- **EXERCISE OBJECTIVE**:
Once you reach the line containing "Miniatyrbild 2 av" in the data below, restate each line word for word up to and including the one containing "The vandalised Wikipedia page".
───── SUPPLIED MATERIAL
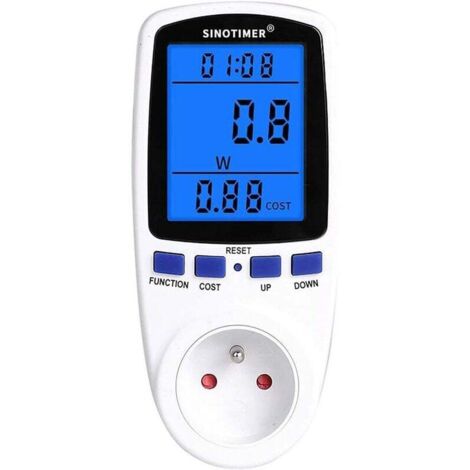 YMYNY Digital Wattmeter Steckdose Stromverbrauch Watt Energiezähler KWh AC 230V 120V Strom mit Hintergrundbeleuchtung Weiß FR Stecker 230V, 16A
──────────
───── SUPPLIED MATERIAL
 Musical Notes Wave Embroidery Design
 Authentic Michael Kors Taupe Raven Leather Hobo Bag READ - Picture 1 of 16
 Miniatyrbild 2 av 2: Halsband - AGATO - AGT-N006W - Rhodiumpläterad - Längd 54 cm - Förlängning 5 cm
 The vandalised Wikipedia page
──────────
- **THE ANSWER**:
 Miniatyrbild 2 av 2: Halsband - AGATO - AGT-N006W - Rhodiumpläterad - Längd 54 cm - Förlängning 5 cm
 The vandalised Wikipedia page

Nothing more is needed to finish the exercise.